What to produce ->
Report the number of lines in the records below that hold "Beach", and leave out everything else.

Stored data ->
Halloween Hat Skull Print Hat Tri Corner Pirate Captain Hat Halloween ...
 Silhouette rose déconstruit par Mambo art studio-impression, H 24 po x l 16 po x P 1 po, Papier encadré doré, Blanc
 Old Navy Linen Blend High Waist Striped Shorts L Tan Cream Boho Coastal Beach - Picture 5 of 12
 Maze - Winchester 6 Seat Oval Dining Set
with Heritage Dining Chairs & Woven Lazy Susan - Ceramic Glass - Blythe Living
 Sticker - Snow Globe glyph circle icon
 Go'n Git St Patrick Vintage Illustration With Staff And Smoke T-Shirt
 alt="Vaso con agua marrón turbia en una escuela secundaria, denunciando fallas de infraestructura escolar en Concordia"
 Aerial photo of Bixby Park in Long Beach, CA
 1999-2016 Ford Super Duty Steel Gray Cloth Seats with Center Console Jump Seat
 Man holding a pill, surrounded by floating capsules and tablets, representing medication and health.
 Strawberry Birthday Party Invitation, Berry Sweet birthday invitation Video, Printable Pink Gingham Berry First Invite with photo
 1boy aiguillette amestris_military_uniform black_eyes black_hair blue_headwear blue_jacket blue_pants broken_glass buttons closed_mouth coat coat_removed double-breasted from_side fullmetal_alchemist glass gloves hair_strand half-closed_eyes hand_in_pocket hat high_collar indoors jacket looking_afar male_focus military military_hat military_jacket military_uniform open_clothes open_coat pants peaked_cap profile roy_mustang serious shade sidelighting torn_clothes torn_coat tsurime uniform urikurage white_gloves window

Task response ->
2